- [WHAT IS BEING ASKED]: Keep the text of the data exactly as it is and omit each picture from the copy.

- [RECORDS FOR THIS TASK]:
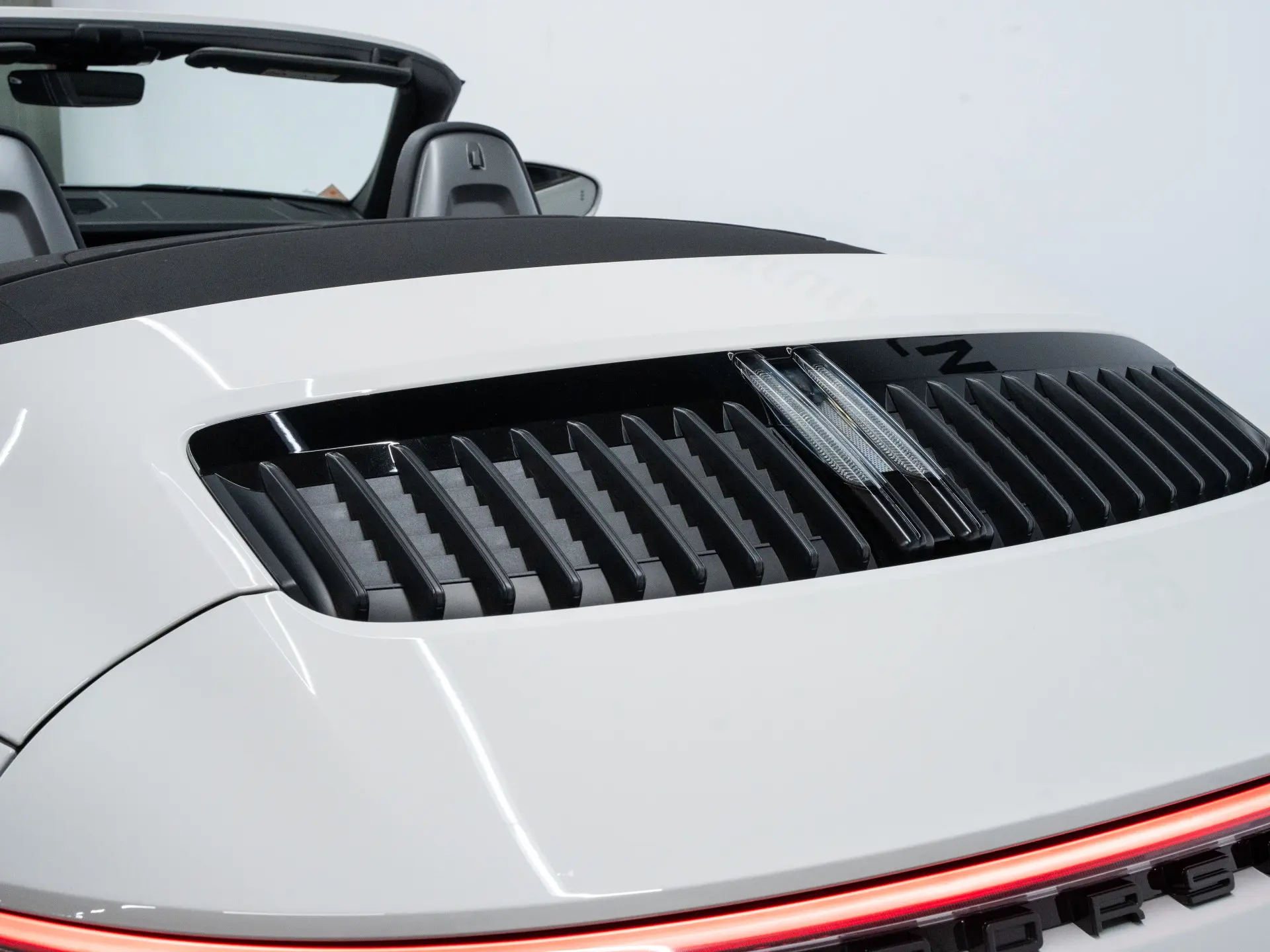 911 Carrera GTS Cabriolet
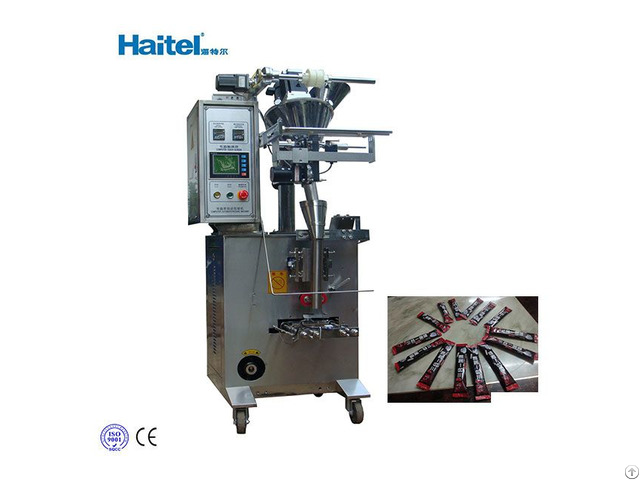 Full Automatic Vertical Granule Packing Machine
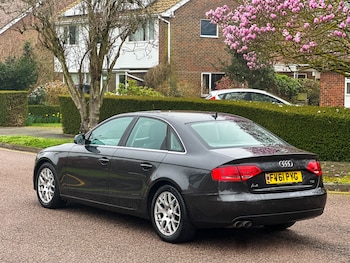 Used Audi A4 2011 for sale - 77801881: Photo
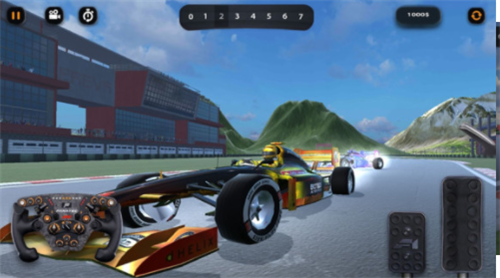 高智能方程式中文版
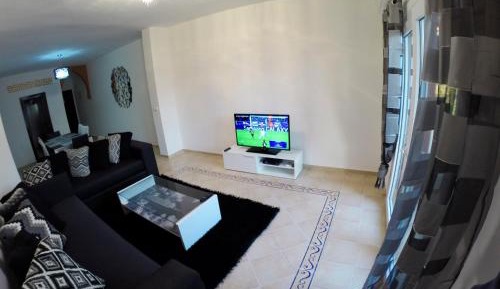 Penthouse Apartment
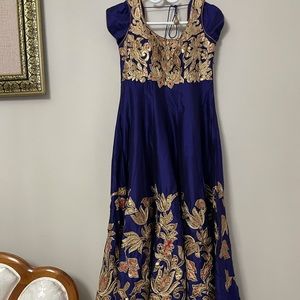 Indian & Pakistani long suit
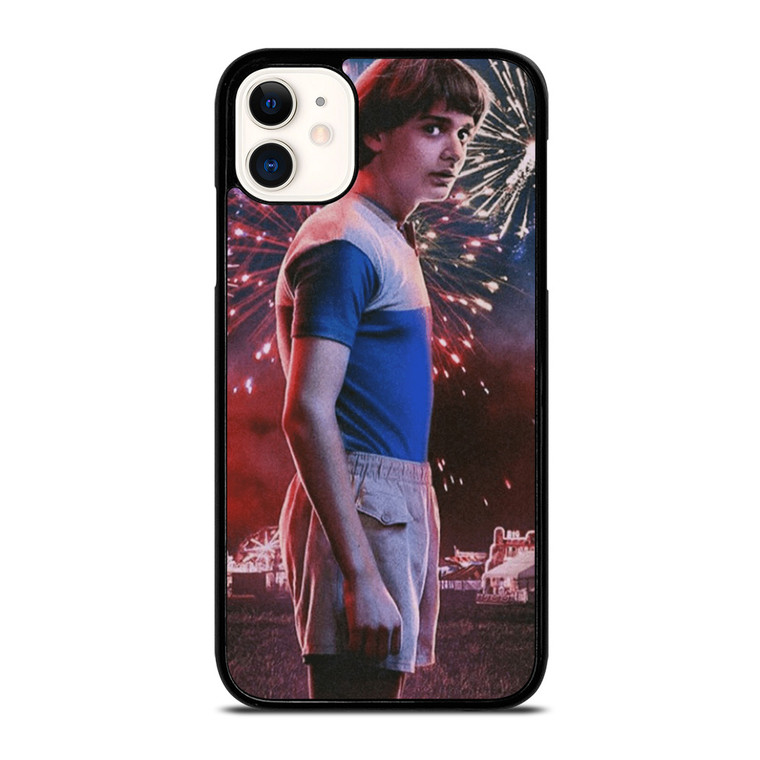 WILL BYERS STRANGER THINGS  iPhone 11 Case Cover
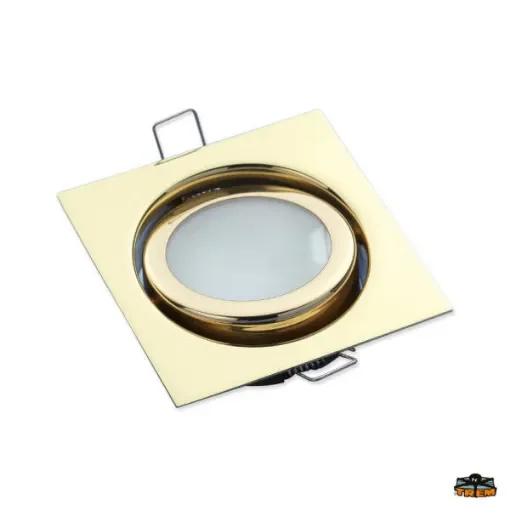 Trem - Brass Halogen Downlight Spot 12V 10W - L4400176 product image
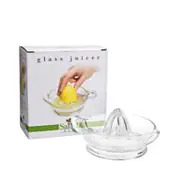 Salad Bar Glass Juicer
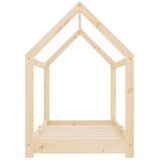  Okvir za dječji krevet od masivne borovine 70 x 140 cm | Eponuda.com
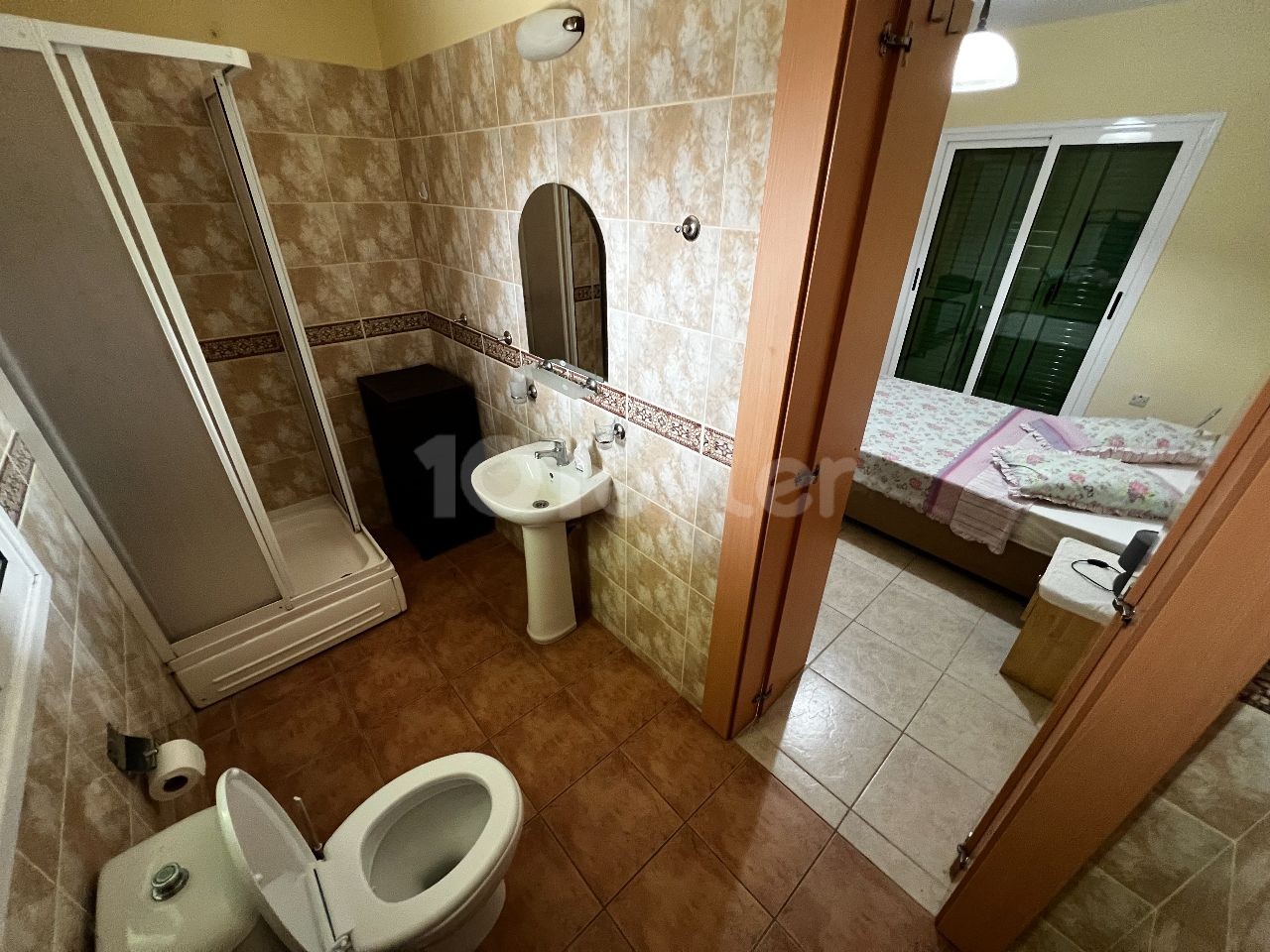 3+1 Villa zur Miete mit privatem Pool in Çatalköy, Kyrenia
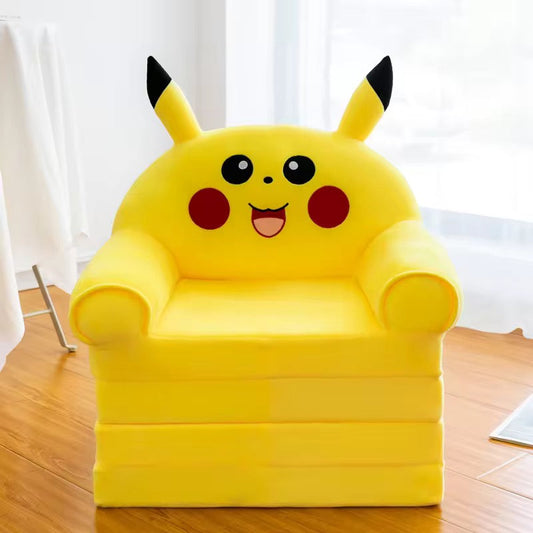 Pokémon Baby Sofa Bed – Soft & Comfy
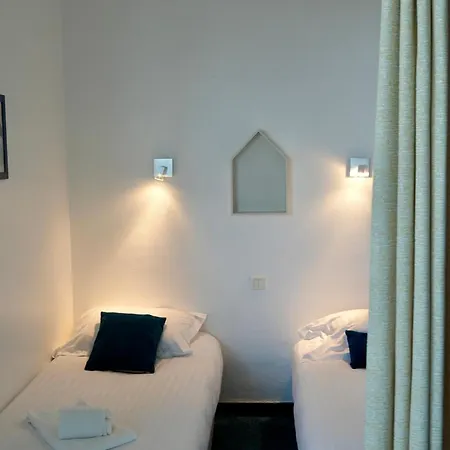 Hotel Demeures & Chateaux - Le Saint Pierre, 3*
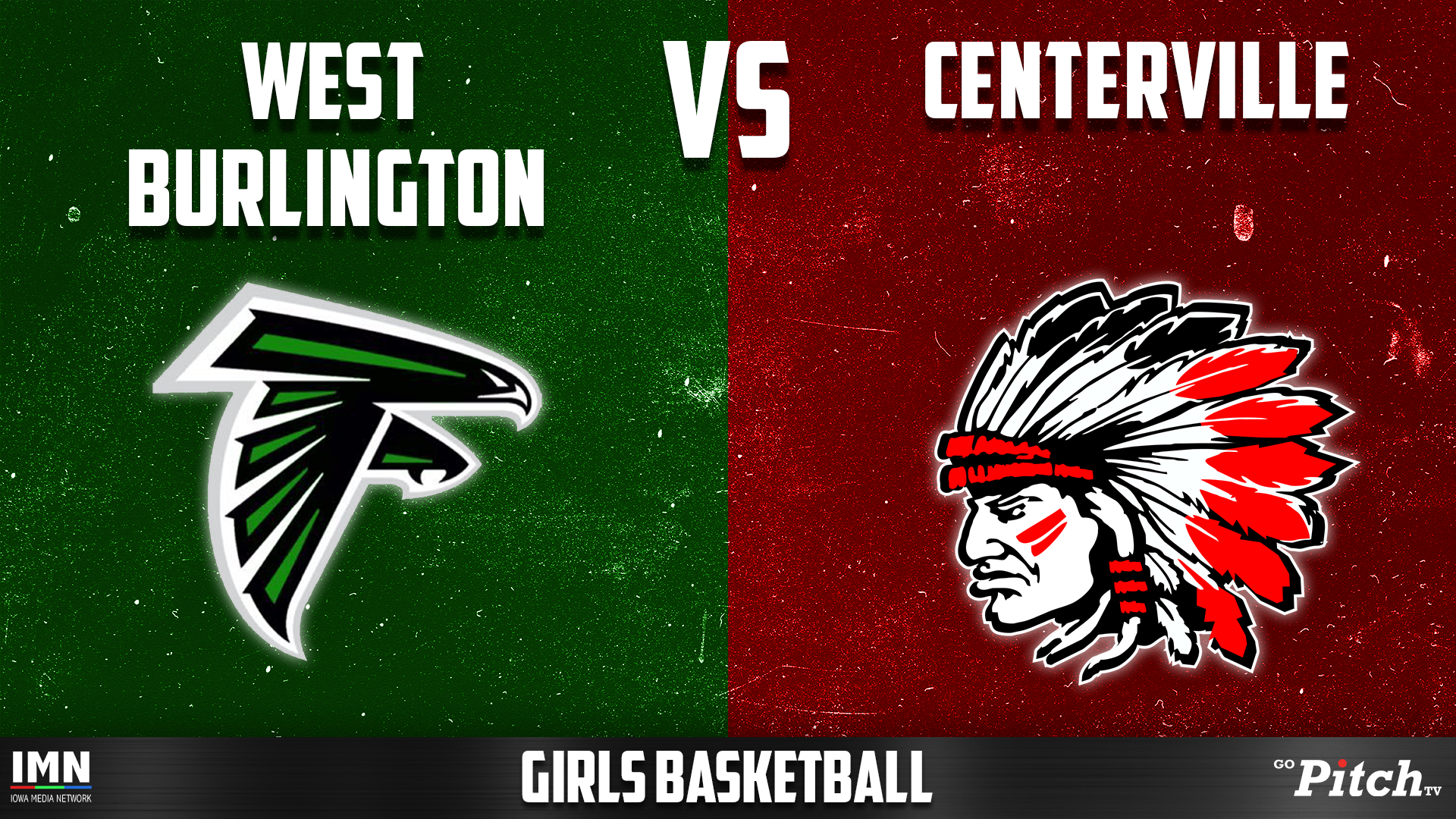 Centerville vs West Burlington Girls Basketball 11-25-25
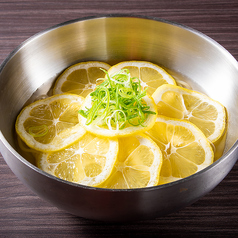 檸檬冷麺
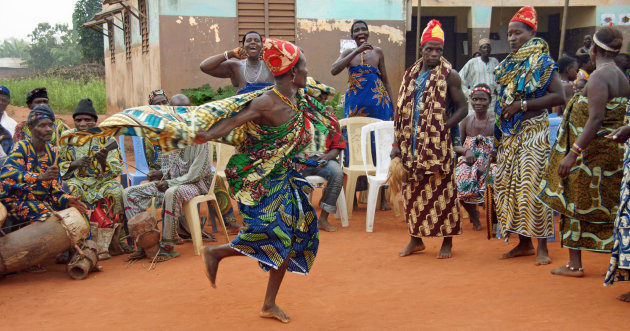 10 januari, voodoofeestdag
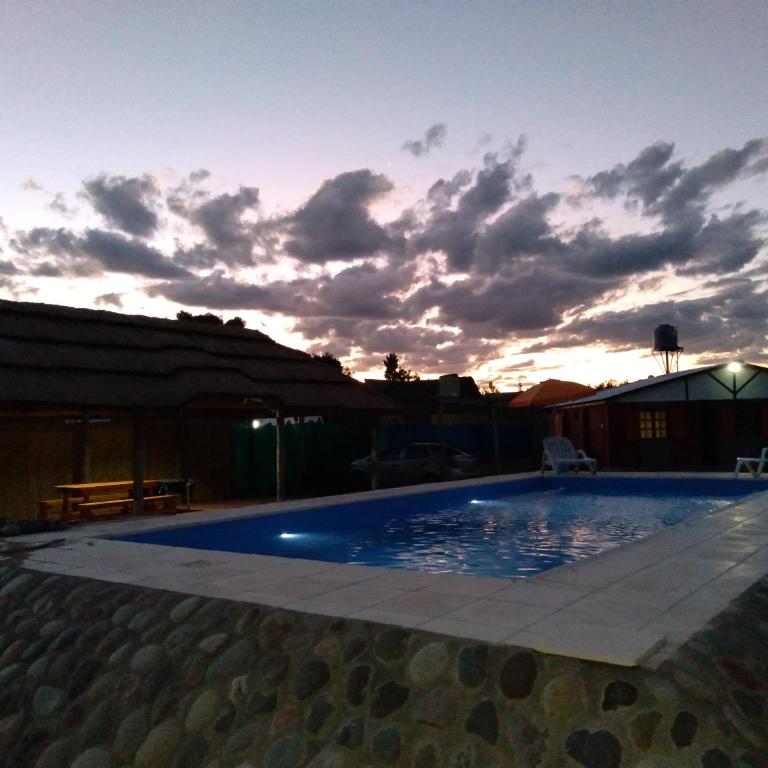 Cabañas Bertani - Two-Bedroom House - 2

- [YOUR RESPONSE]:
 911 Carrera GTS Cabriolet
 Full Automatic Vertical Granule Packing Machine
 Used Audi A4 2011 for sale - 77801881: Photo
 高智能方程式中文版
 Penthouse Apartment
 Indian & Pakistani long suit
 WILL BYERS STRANGER THINGS  iPhone 11 Case Cover
 Trem - Brass Halogen Downlight Spot 12V 10W - L4400176 product image
 Salad Bar Glass Juicer
  Okvir za dječji krevet od masivne borovine 70 x 140 cm | Eponuda.com
 3+1 Villa zur Miete mit privatem Pool in Çatalköy, Kyrenia
 Pokémon Baby Sofa Bed – Soft & Comfy
 Hotel Demeures & Chateaux - Le Saint Pierre, 3*
 Centerville vs West Burlington Girls Basketball 11-25-25
 檸檬冷麺
 10 januari, voodoofeestdag
 Cabañas Bertani - Two-Bedroom House - 2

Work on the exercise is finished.